Why does this happen?
Suppose we start to count upwards from one to nine. When a number is selected by random, each digit has an even chance of being the first digit, but by the time we get to 20, the digit 1 has built up a significant lead of 50% and this is not caught up again until we reach 99. Then we get into the hundreds and the digit 1 builds up that lead again. Now, the chance of the upper limit of the range consisting entirely of nines1 is low indeed, hence the distribution as seen above.

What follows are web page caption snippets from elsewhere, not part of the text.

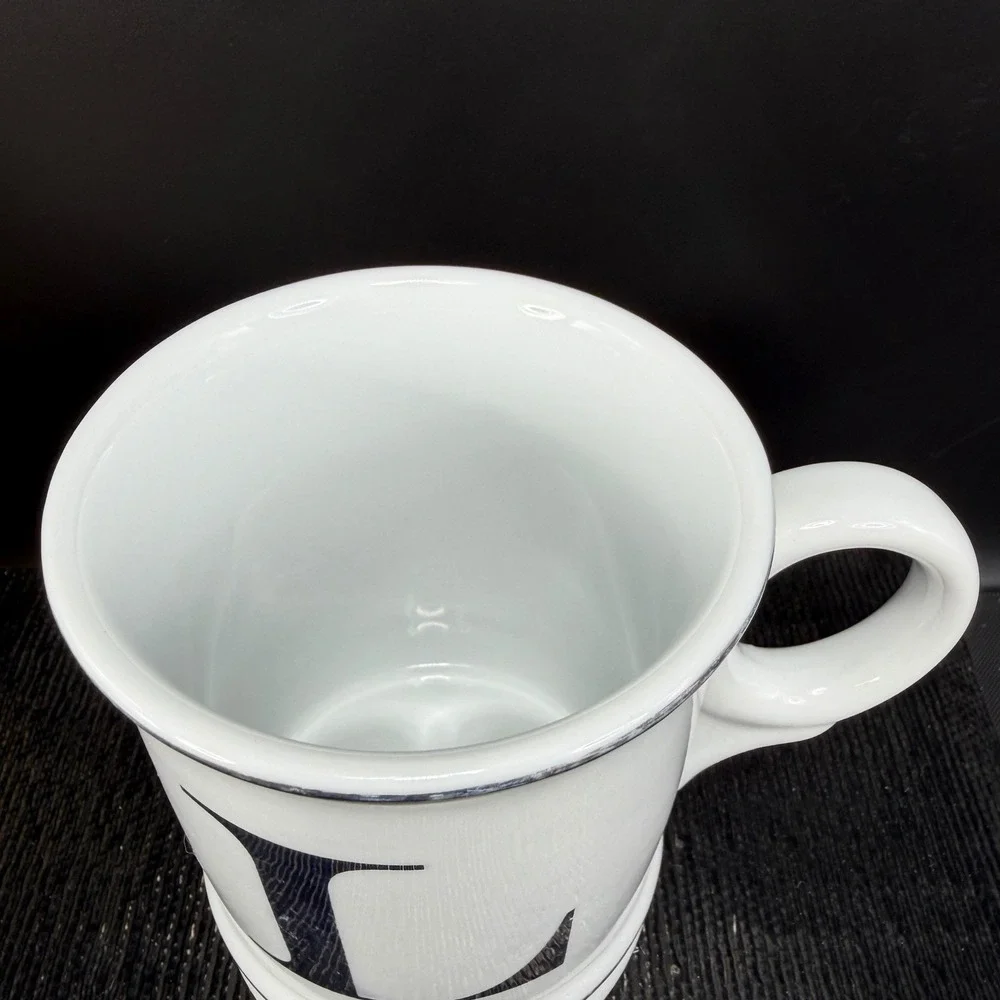 Williams Sonoma‎ Initial L Monogram Mug White Silver Metallic Trim Ceramic Cup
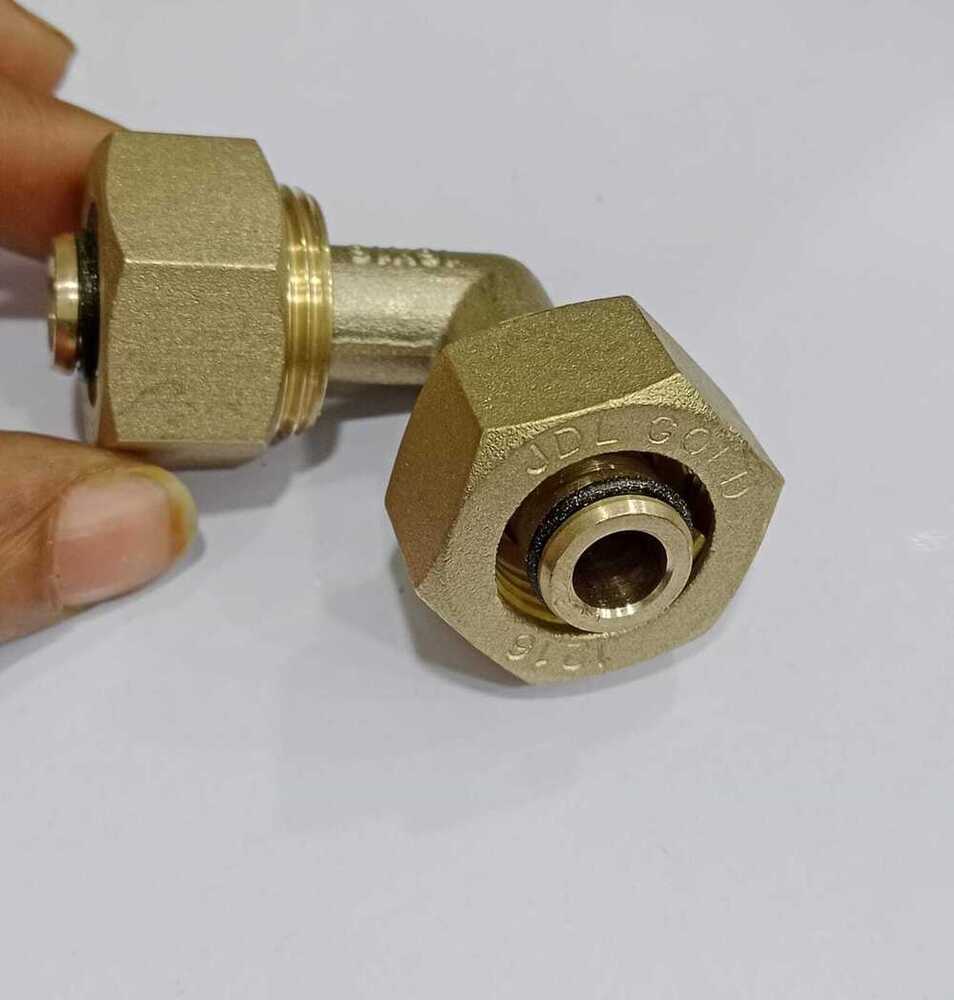 1216 Jdl Gold Brass Equal Elbow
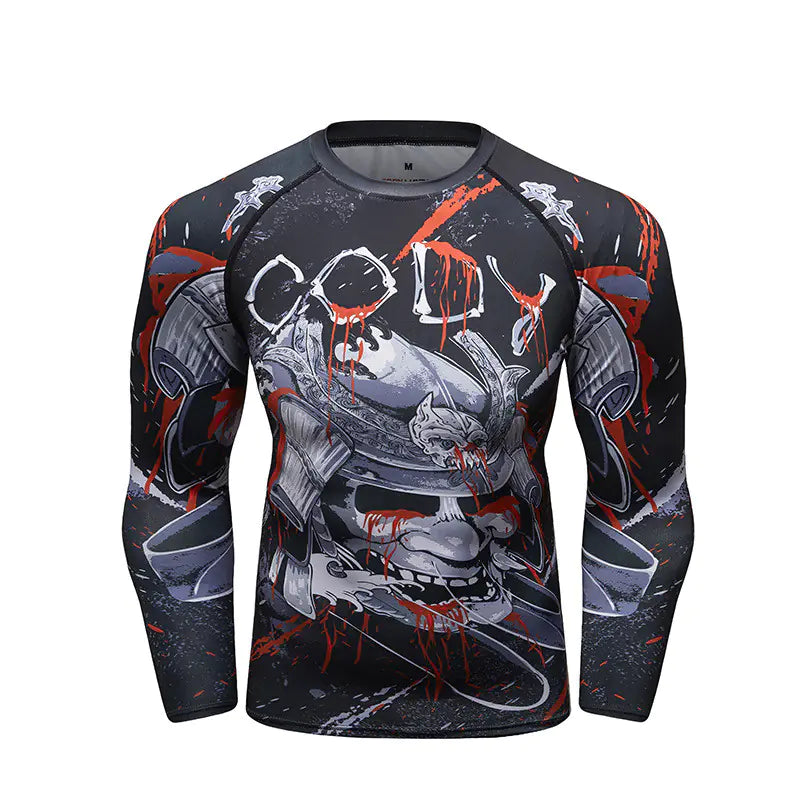 Stylish long sleeve compression shirt for men showcasing a dramatic samurai-inspired graphic and red details, designed for comfort and breathability in fitness activities.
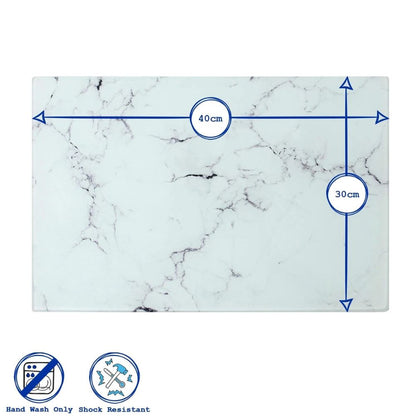 Harbour Housewares Glass Chopping Board 50 × 40 cm, Marble Kitchen Worktop Saver, Tempered Glass Cutting Board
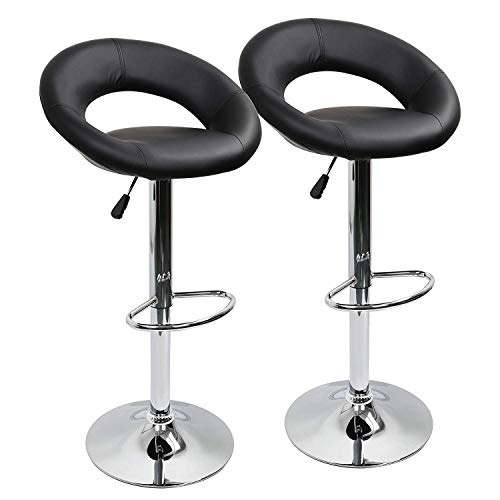 IntimaTe WM Heart Set de 2 x Taburetes de Bar Cuadrado y Moderno, Cuero de PU Telesilla con Respaldo Medialuna Altura Ajustable Giratoria para Bar Cocina (Negro) IntimaTe WM Heart Set de 2 x Taburetes de Bar Cuadrado y Moderno, Cuero de PU Telesilla con Respaldo Medialuna Altura Ajustable Giratoria para Bar Cocina (Negro)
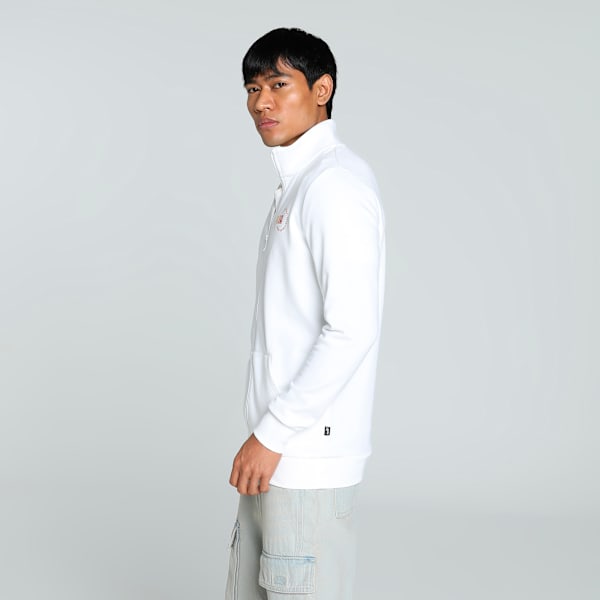 Knitted Sports Logo Men's Slim Fit Jacket, Puma White, extralarge-IND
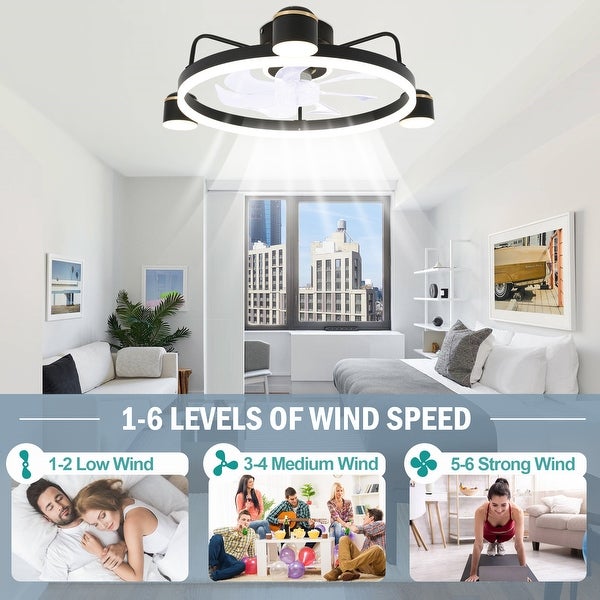 Oaks Aura 28in. LED Starry Night Smart App Control Low Profile Ceiling Fan Flush Mount Dimmable Lighting Shopping - The Best Deals on Ceiling Fans | 40786725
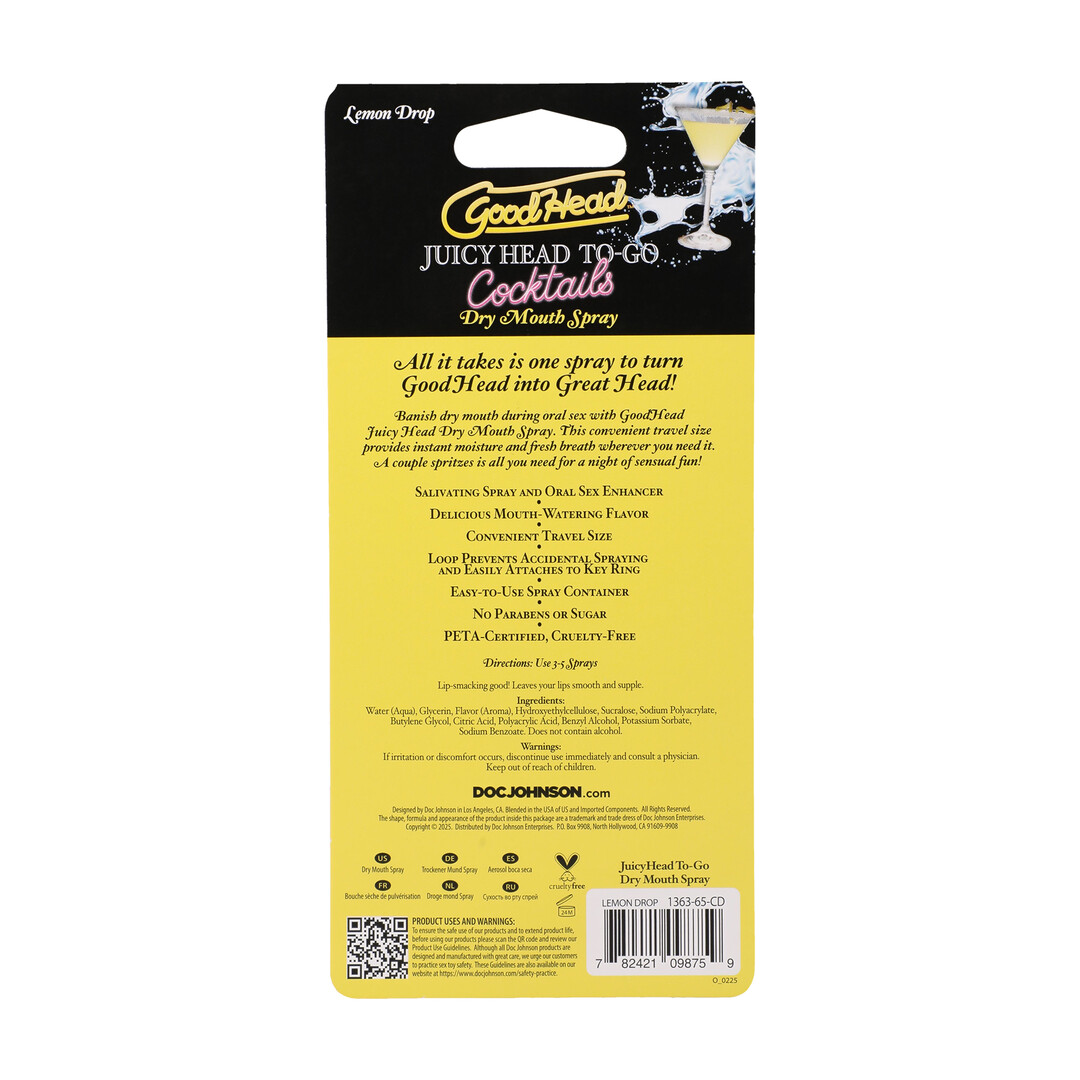 Doc johnson Juicy Head - Cocktails - Dry Mouth Spray To-Go - Lemon Drop - 0.3 fl oz / 9 ml (782421098759)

Whence Came this Discovery?
It first was discovered in 1881 when an astronomer called Simon Newcomb wrote an article in the American Journal of Mathematics, noting that for an unknown reason the early pages in a book of logarithms2 were smudged. The logarithms were ordered by first digit, so the earlier digits were earlier on in the book and were smudged because they were more used and therefore the numbers beginning with lower digits were more used in mathematics and came up more often. Like all good scientific discoveries this was completely ignored until he was far too dead to accept any credit for the discovery, until in 1938 a physicist named Frank Benford3 reopened the file and did a bit of statistical analysis. He found the distributions above and that they occurred in nearly every case but was at a loss to explain why. It was not until 1996 that the seemingly simple explanation above was proved mathematically by Theodore Gill of the Georgia institute of Technology.
What Use is It?
Well, if a characteristic like this distribution is evident in every large set of random numbers then if you have a set of numbers which you believe to be randomly generated but which do not fit the distribution, chances are they aren't. This can be used to detect anything from insurance fraud to sifting extra-terrestrial radio transmissions for intelligence; and if you can find a bookie who does not know of this rule you can make some money with some well-placed bets.